### Data for this exercise
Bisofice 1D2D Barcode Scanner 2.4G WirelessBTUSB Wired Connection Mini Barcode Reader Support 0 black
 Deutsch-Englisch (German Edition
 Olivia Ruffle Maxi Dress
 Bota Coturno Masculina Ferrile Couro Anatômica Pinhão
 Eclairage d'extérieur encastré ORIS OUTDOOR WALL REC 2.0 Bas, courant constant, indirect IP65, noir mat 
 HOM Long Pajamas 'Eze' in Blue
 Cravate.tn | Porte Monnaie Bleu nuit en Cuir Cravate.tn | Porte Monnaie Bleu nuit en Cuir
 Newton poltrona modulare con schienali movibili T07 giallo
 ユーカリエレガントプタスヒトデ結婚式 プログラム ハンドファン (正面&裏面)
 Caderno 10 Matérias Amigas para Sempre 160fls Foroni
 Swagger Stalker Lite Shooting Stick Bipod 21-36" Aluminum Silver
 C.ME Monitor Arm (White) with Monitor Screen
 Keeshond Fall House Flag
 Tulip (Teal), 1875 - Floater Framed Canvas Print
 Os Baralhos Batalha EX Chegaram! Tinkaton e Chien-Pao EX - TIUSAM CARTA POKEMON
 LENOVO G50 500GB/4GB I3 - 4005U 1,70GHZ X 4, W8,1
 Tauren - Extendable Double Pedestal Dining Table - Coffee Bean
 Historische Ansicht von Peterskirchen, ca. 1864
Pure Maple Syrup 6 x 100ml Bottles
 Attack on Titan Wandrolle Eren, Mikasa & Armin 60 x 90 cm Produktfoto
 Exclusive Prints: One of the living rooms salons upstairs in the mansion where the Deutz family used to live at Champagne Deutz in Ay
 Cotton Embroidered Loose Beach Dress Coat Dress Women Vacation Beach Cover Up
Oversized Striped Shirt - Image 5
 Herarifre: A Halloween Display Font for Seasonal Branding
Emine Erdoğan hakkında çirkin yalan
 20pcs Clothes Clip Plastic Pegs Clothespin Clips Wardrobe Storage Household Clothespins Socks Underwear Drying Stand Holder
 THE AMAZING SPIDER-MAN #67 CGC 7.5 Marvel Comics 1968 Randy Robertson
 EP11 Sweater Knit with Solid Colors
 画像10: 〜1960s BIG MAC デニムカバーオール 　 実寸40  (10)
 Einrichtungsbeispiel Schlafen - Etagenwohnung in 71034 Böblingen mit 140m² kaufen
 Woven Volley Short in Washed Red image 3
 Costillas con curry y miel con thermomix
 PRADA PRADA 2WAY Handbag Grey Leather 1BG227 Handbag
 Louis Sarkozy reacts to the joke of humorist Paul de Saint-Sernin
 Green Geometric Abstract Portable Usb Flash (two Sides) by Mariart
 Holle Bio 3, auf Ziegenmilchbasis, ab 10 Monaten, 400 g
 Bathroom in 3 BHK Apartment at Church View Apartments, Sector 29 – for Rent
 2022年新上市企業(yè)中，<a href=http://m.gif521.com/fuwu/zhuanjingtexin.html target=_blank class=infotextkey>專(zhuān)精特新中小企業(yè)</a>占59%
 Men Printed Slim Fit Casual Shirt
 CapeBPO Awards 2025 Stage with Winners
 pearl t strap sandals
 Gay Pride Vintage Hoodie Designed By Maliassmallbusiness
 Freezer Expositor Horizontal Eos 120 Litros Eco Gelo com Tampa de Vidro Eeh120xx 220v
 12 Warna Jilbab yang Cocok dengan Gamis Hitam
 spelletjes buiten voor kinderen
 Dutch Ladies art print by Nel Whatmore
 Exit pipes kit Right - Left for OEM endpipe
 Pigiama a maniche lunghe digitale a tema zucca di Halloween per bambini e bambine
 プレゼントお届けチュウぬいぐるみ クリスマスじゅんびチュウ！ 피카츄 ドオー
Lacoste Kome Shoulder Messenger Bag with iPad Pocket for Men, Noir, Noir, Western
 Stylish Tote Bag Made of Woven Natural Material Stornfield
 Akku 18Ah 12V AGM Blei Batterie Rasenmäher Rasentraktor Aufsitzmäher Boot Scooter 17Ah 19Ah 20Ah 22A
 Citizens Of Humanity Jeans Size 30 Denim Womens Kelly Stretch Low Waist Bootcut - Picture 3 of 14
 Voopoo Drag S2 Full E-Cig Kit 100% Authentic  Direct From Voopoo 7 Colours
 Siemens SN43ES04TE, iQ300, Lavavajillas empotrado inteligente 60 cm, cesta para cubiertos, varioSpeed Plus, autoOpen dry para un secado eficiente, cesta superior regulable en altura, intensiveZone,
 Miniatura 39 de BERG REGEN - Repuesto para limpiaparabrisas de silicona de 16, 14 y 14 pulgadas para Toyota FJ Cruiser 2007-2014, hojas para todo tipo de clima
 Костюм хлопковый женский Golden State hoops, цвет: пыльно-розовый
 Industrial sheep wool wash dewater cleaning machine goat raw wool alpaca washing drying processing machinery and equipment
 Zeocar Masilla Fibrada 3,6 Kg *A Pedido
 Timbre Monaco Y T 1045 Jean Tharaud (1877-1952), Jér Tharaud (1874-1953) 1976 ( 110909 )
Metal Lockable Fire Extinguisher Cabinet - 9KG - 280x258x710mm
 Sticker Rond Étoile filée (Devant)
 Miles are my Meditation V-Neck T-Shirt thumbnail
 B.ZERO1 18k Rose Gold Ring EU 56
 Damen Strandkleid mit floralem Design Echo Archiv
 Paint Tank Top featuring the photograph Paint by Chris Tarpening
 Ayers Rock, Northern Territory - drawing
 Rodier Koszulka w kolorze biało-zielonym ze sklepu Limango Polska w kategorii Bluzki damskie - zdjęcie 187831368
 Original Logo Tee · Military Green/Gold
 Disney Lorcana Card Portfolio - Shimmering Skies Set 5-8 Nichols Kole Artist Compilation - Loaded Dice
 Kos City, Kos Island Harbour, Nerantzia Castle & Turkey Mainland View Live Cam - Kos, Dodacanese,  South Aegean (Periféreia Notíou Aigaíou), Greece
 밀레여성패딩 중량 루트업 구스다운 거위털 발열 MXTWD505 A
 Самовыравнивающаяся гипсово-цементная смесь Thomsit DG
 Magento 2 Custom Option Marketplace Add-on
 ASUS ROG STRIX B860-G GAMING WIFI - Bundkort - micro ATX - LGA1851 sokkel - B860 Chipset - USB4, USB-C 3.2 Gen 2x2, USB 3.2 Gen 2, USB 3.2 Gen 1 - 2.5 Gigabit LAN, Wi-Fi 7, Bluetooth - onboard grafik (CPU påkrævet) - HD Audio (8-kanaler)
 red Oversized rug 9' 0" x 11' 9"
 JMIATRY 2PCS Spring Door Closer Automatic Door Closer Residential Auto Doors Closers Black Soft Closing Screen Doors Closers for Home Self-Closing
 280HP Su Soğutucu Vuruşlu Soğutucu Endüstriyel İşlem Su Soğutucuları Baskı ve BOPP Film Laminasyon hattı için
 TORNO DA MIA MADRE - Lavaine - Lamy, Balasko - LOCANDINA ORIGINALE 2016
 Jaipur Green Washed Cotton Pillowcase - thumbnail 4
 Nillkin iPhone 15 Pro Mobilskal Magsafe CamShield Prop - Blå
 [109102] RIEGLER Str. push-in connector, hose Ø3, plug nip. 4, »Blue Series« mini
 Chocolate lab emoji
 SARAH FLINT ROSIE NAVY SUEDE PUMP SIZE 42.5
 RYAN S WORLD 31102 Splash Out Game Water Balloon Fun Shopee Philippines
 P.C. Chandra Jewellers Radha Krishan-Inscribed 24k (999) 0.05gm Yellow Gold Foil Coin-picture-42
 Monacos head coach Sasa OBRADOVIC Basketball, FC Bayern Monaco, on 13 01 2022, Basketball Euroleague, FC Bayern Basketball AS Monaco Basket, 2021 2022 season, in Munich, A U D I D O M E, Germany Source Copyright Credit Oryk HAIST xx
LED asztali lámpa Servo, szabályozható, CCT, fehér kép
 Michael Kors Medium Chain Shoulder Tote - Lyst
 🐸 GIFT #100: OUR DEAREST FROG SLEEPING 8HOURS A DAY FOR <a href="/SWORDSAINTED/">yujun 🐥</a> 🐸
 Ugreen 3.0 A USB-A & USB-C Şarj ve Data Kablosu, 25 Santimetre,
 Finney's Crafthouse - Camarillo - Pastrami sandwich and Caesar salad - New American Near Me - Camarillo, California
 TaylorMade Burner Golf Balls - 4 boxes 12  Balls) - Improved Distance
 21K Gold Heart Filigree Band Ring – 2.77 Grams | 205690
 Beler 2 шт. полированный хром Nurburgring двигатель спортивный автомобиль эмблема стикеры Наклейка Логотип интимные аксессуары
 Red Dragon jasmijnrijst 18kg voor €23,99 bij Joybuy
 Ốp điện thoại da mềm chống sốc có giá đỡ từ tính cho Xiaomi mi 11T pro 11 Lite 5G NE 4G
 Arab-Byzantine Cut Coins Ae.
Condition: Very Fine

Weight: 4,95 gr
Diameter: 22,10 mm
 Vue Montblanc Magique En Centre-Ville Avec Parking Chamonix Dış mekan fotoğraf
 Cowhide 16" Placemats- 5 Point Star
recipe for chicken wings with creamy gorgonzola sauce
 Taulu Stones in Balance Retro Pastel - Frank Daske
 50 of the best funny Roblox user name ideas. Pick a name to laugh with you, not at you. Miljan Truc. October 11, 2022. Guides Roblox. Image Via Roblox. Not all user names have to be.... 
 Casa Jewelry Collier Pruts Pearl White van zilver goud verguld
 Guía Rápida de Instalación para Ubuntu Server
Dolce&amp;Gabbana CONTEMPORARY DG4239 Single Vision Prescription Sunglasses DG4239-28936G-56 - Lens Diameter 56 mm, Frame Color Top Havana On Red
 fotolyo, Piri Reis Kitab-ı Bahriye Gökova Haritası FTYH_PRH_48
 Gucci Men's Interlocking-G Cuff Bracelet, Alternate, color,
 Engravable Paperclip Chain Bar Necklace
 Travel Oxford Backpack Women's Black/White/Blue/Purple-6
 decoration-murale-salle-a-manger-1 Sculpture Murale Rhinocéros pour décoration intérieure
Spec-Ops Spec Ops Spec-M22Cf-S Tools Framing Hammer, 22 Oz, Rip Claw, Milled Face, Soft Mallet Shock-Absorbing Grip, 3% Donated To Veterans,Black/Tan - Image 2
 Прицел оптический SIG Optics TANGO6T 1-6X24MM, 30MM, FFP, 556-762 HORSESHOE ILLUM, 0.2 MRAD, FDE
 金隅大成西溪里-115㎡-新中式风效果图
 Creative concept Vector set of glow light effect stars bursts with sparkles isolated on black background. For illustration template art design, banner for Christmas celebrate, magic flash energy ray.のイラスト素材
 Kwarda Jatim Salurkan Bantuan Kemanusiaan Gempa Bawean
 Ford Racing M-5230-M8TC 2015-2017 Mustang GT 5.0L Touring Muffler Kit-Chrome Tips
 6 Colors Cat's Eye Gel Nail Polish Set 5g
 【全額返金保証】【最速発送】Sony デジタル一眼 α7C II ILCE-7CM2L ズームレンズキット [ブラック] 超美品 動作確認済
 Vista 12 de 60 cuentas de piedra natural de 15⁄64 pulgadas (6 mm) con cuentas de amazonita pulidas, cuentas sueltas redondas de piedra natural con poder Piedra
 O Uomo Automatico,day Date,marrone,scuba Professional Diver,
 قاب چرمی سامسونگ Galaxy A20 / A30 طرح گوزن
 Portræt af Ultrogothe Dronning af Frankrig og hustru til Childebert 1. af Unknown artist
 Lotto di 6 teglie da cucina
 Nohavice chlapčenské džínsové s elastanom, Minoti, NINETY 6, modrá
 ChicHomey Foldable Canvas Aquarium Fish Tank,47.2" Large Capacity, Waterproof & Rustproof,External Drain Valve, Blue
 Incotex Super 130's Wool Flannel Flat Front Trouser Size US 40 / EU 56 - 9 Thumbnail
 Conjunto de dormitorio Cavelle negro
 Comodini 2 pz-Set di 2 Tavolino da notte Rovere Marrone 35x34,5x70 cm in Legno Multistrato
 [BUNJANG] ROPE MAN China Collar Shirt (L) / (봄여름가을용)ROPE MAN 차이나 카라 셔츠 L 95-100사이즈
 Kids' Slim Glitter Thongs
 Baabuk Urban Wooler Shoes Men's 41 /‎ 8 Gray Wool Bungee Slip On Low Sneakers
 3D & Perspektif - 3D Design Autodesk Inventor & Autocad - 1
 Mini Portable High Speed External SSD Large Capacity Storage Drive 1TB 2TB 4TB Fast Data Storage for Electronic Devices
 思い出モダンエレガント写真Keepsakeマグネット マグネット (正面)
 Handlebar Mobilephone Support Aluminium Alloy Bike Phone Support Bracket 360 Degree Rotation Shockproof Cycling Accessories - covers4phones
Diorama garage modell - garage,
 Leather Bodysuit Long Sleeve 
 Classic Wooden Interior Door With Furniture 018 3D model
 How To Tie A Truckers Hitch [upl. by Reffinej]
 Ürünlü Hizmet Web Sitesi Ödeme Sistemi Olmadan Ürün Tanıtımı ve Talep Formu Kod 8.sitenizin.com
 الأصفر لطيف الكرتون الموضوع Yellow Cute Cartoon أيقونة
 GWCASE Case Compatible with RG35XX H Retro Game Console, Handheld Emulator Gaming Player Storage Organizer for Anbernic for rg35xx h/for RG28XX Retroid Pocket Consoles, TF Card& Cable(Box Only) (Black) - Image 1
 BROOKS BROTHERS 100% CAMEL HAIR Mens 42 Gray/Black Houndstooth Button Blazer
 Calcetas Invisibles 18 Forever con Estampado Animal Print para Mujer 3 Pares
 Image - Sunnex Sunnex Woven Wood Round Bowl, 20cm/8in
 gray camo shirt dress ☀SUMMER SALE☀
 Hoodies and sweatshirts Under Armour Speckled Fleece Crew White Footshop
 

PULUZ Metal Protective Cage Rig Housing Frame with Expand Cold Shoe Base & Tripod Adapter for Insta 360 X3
######
From the line that has "Lotto di 6 teglie da cucina" through the line that has "Kids' Slim Glitter Thongs", copy every line exactly as it appears above, and leave out all others.

Exercise solution:
 Lotto di 6 teglie da cucina
 Nohavice chlapčenské džínsové s elastanom, Minoti, NINETY 6, modrá
 ChicHomey Foldable Canvas Aquarium Fish Tank,47.2" Large Capacity, Waterproof & Rustproof,External Drain Valve, Blue
 Incotex Super 130's Wool Flannel Flat Front Trouser Size US 40 / EU 56 - 9 Thumbnail
 Conjunto de dormitorio Cavelle negro
 Comodini 2 pz-Set di 2 Tavolino da notte Rovere Marrone 35x34,5x70 cm in Legno Multistrato
 [BUNJANG] ROPE MAN China Collar Shirt (L) / (봄여름가을용)ROPE MAN 차이나 카라 셔츠 L 95-100사이즈
 Kids' Slim Glitter Thongs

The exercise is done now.